Die Straße, die ich jetzt mit dem Kinderwagen (leerem Kinderwagen, denn das Baby trug ich schreiend auf dem Arm, als ich etwas schlauer wurde dann im Tragetuch) entlangschob war eine andere, als die, die ich noch vor zwei Wochen mit dickem Bauch und unzähligen unsinnigen Drogerieeinkäufen entlanggeschlendert war. Das Gefühl, dass nicht nur die Geburt, sondern auch der Wechsel der Jahreszeit, meine gesamte Wahrnehmung verändert hatte, hat sich bis heute eingebrannt. Eventuell bin ich also einer verrückten Prägung erlegen (Korrelation statt Kausalität?) oder aber der Zauber dieser Zeit hat sich mir in dem Moment des Abschiedes und Neubeginns besonders gut erschlossen.
Das Ende des Sommers, der während er passiert, nie so gut ist wie in der Erinnerung, und die Gewissheit, dass es lange dauern wird, bis er wieder kommt, fasziniert mich seitdem jedes Jahr aufs Neue. Der Herbst ist der Inbegriff von einem schön verpackten Ende, welches immer die Hintertür auf einen Neubeginn offen hält, auch wenn dieser noch ungewiss und weit weg ist.

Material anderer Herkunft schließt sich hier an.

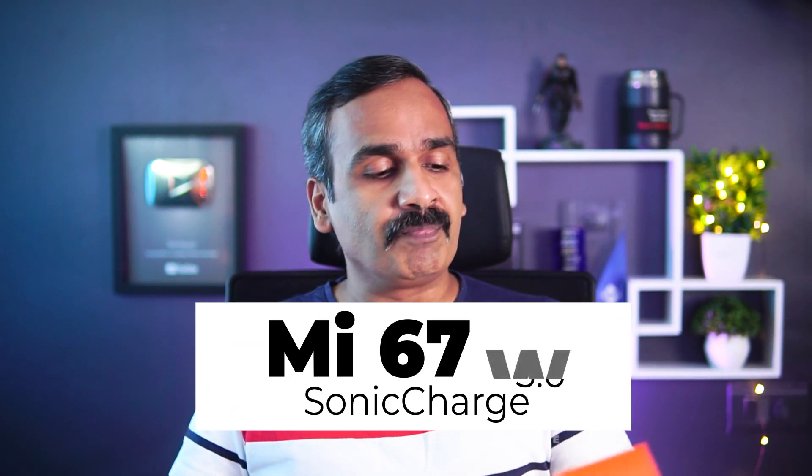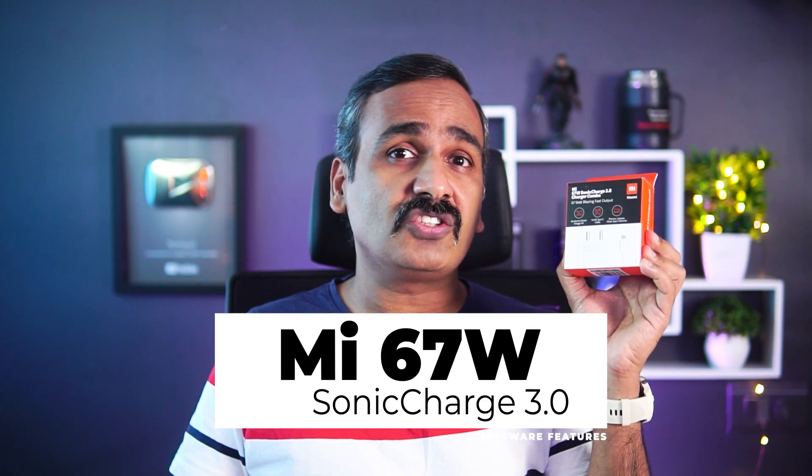Hello friends, welcome to Technique. This is Normal here. In this video we're going to talk about a new fast charger announced by Xiaomi in India — the Xiaomi Sonic Charge 3.0. It's a 67-watt fast charger, so you can charge a variety of devices with this charger. We'll be sharing our experience using it, as it has been with us for quite a long time.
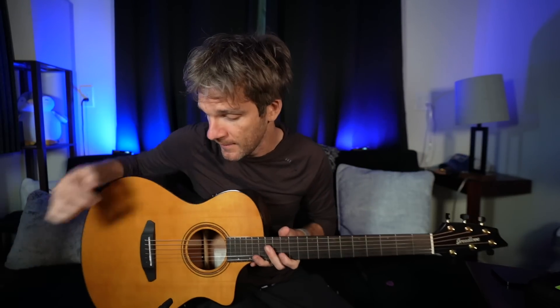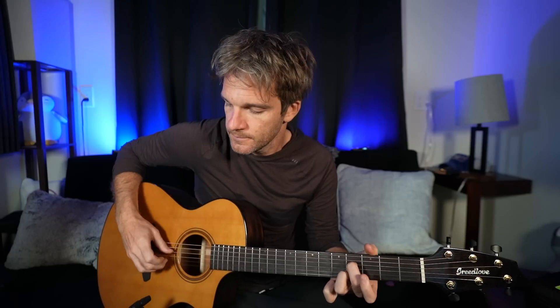Thank you to Sweetwater for sponsoring this video, and thank you to DPA Microphones and Breedlove for sending over the microphone and guitar. Let me know what you think the sound is like — especially for fingerstyle stuff it just picks up the attack so much better, and you can use it live or in the studio. Great mic, great guitar. If you have any questions or comments, I'll talk to you all soon. Thanks a lot.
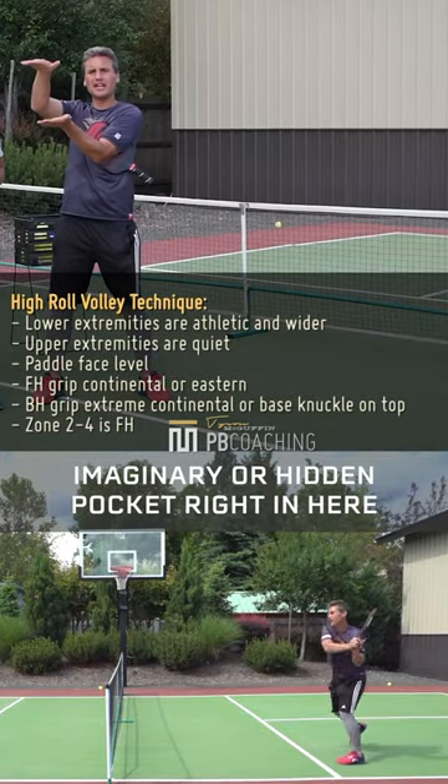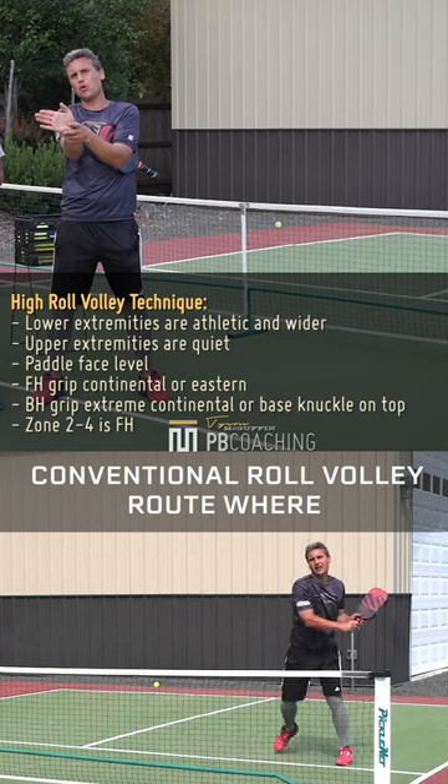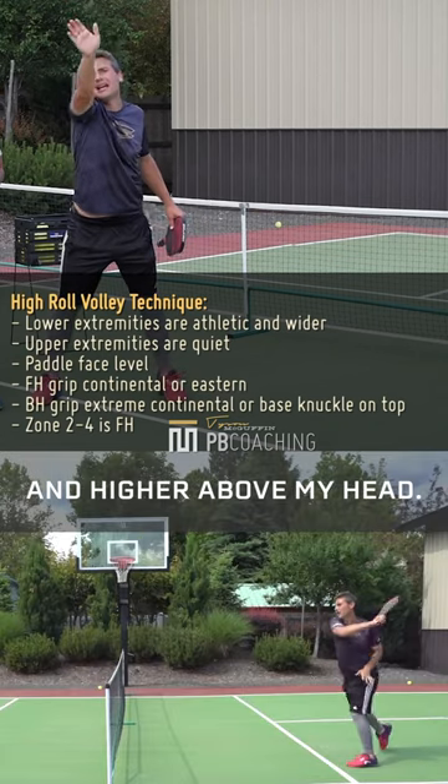There's kind of this imaginary or hidden pocket right in here where it's very challenging to know what to do. If we use the conventional roll volley route where we're trying to finish up and over the ball, look how awkward this is as my hand gets higher and higher above my head.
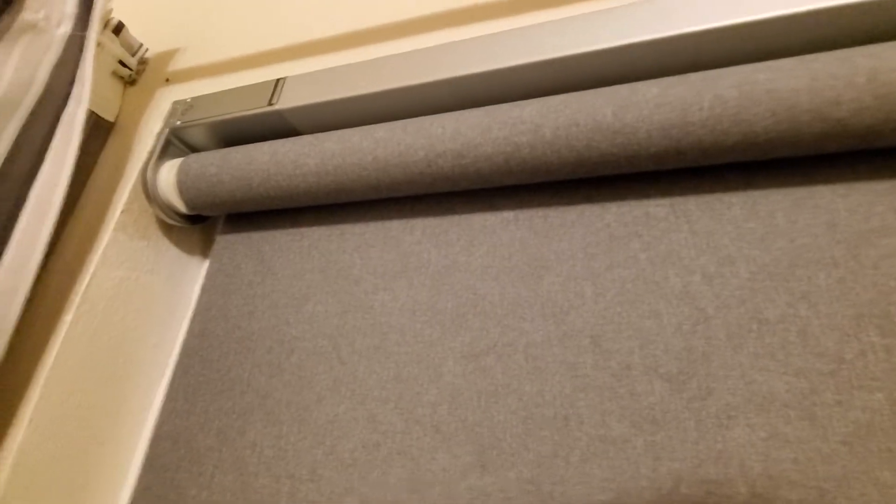These blinds are fun and everything but they really gave me some frustration. I had one remote paired for both of these and then I had to factory reset them, so if you do that and they're not working, here's what to do.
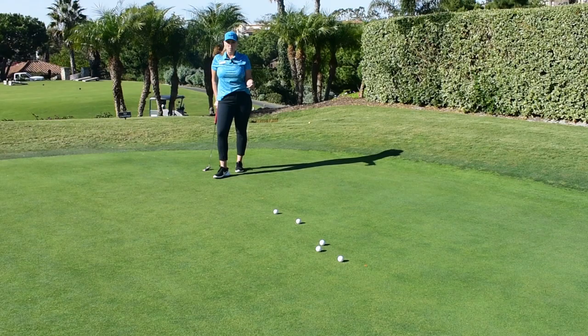And that is a successful LeapFrog drill here at Monarch Beach Golf Links. Try it the next time you're out here. I'm Jackie, and that's your Monday Mulligan.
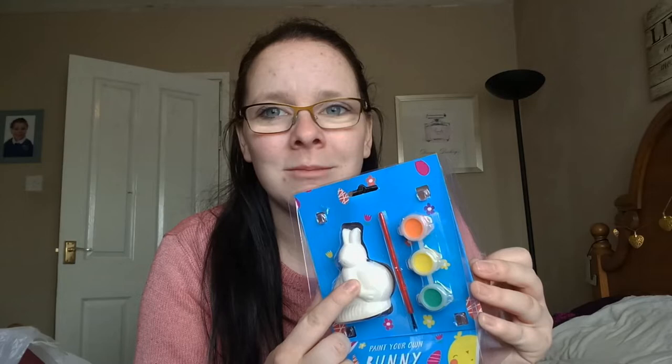Every year we do an Easter basket for Lily, which usually includes a couple of small Easter eggs and a couple of crafts to do. This first one I picked up is a Paint Your Own Bunny. Last year she had a Paint Your Own Egg, which I kept and get out every year as a decoration. This year's version has a little jacket on, so you could make him into Peter Rabbit. It comes with three different paints and a paintbrush, and it would be a nice thing to do on a rainy day or before we go out on an adventure.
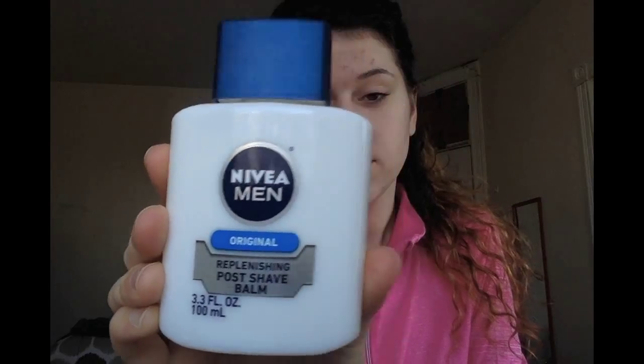Today I'm going to start off with the Nivea Men Aftershave Balm. I heard a lot of YouTube gurus rave about this so I decided I'll give it a whirl, try it out, test it out, see if I like it or not.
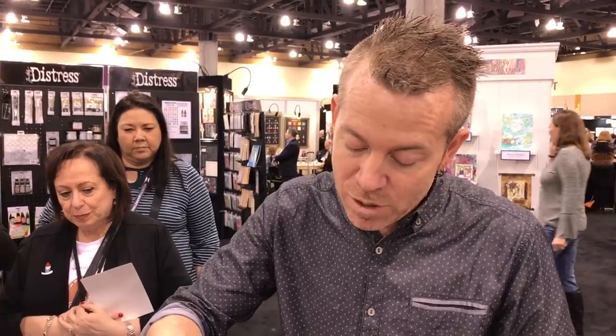We're going to talk about the new alcohol ink things and there are actually quite a few of them. It's hard to believe that alcohol ink has been out for almost ten years, which is really crazy. I think I've kind of been there, done that with them — I mean, other than new colors, there's really not much else I thought I would want in the world of alcohol ink.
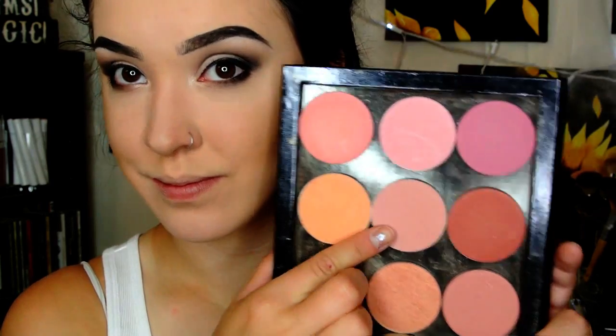Then I'm taking the Makeup Geek blush in Spellbound on this EcoTools fan brush — I love this brush so much, it places blush perfectly. Then I'm going to highlight with the Physician's Formula Nude Shimmer Strips Highlight. It's so pretty — really soft and natural looking. You need this brush in your life, it's so freaking good.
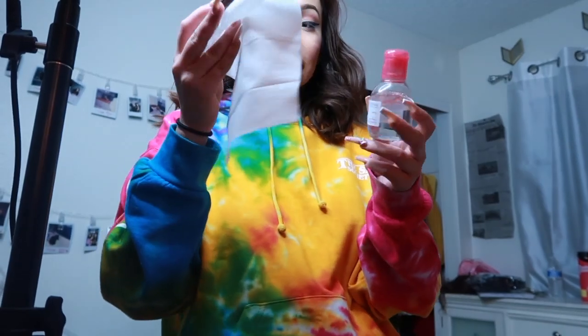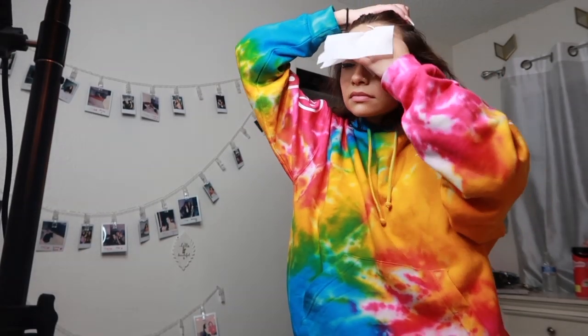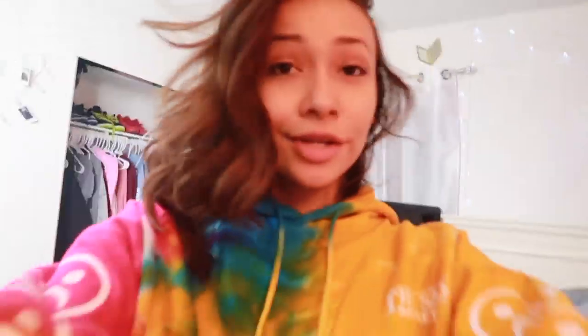I have my makeup wipe. This makeup wipe I don't really like that much, but they're still nice. I'm using this magic water to take off the rest of my makeup. I finished taking my makeup off.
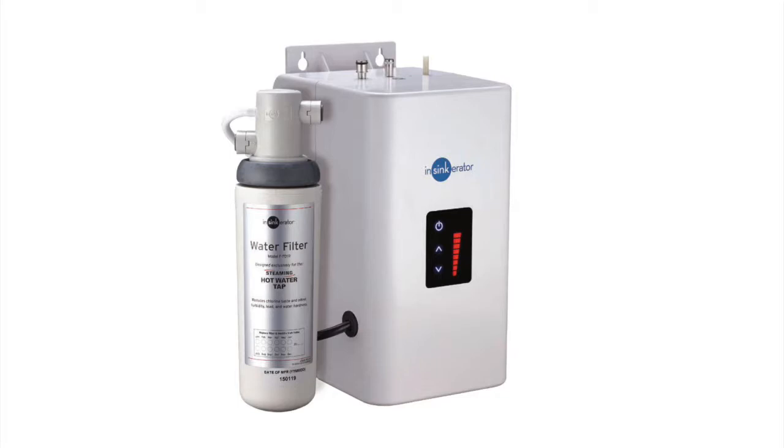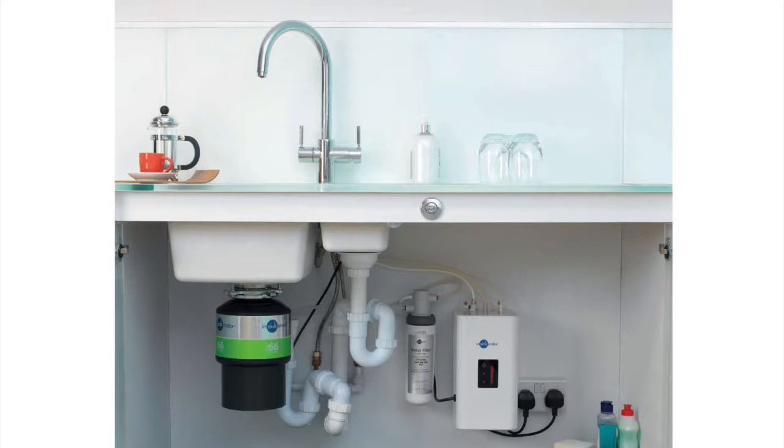We drink a lot of tea and used to argue about who had to get out of bed to make the next round — not anymore, because it's instantaneous. The unit gets installed underneath the sink — it's only about the size of a small toaster. There's a temperature gauge on the front so you can adjust it. If you go away you can turn it off. It keeps the water at about 98 degrees, so it's just below boiling, which is what you need.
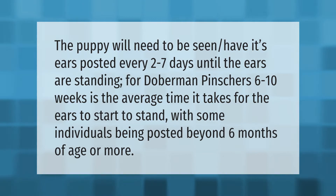The puppy will need to be seen and have its ears posted every two to seven days until the ears are standing. For Doberman Pinschers, six to ten weeks is the average time it takes for the ears to start to stand, with some individuals being posted beyond six months of age or more.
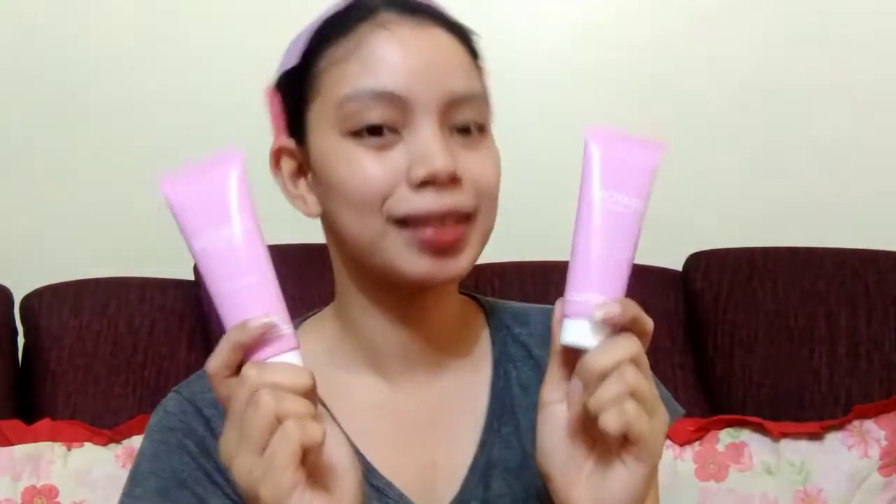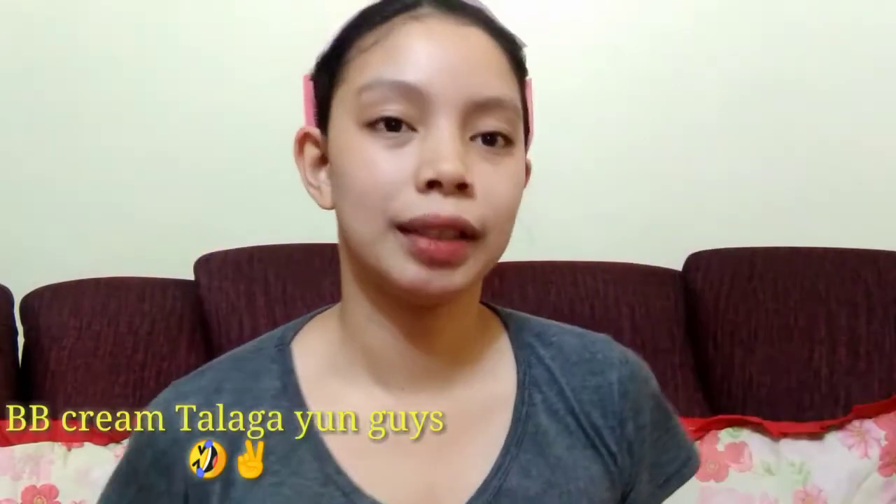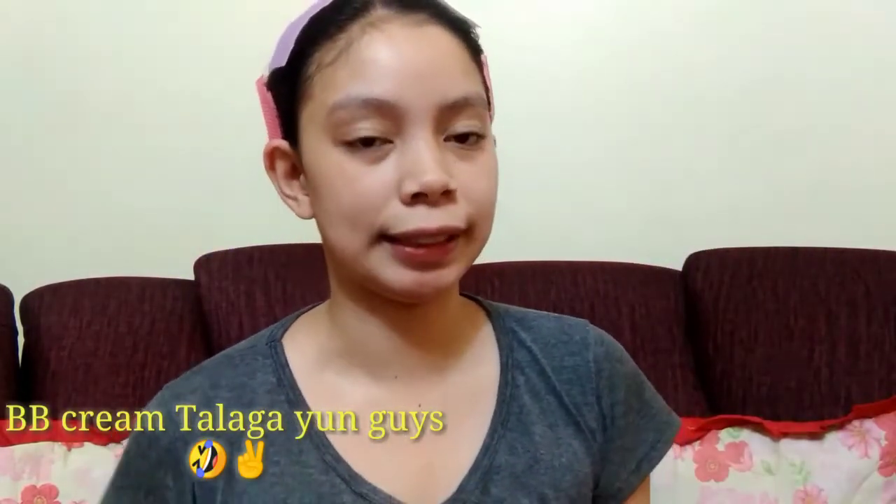Hi everyone! Welcome back again to my beauty vlogs. So ngayong araw na to, ang i-review po natin ay ang Crayons Liquid Foundation. Nabili namin siya sa may HBC, 89 pesos. Naisip ko ngayon siya i-vlog or i-review kasi aalis ako, so mawi-wear test natin siya.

Eine Analogie für so viele Themen des Lebens. Geburt, Freundschaften, Elternschaft, Liebesbeziehungen, tolle und schlimme Ereignisse wandeln sich im Laufe der Zeit und das dumpfe Gefühl, dass sich etwas verändert hat, hinkt der Gegenwart immer ein Stück hinterher. Wir wissen erst, wenn das Ende plötzlich da ist, was wir hatten und dass es jetzt anders weitergeht. Es gibt jedes Jahr eine neue Chance, alles kehrt immer wieder, auch wenn es anders aussieht. Die Traurigkeit und die Vergänglichkeit zu genießen und dabei den Neuanfang nicht zu vergessen ist eine große Kunst, glaube ich, und eine, die ich seitdem schon oft üben konnte. Und wenn dann noch rotgefärbte Blätter, morgendlicher Nebel, neue Stiefel und Kürbissuppe dazu gereicht werden, dann weiß ich wirklich nicht, was schöner sein soll.
Diesen einen ganz besonderen Herbst 2009 werde ich auch nie vergessen:
Mit meinem ersten Kind im Bauch ging ich Ende September ins Krankenhaus hinein, veratmete noch Wehen in einer lauen Sommernacht auf dem Parkplatz – 4 Tage später fuhr ich mit Baby im MaxiCosi heim und musste auf dem Weg zum Parkplatz leicht fröstelnd und überwältigt feststellen, dass sich in diesen 4 Tagen nicht nur die Jahreszeit in Herbst geändert hatte, sondern mein ganzes Leben.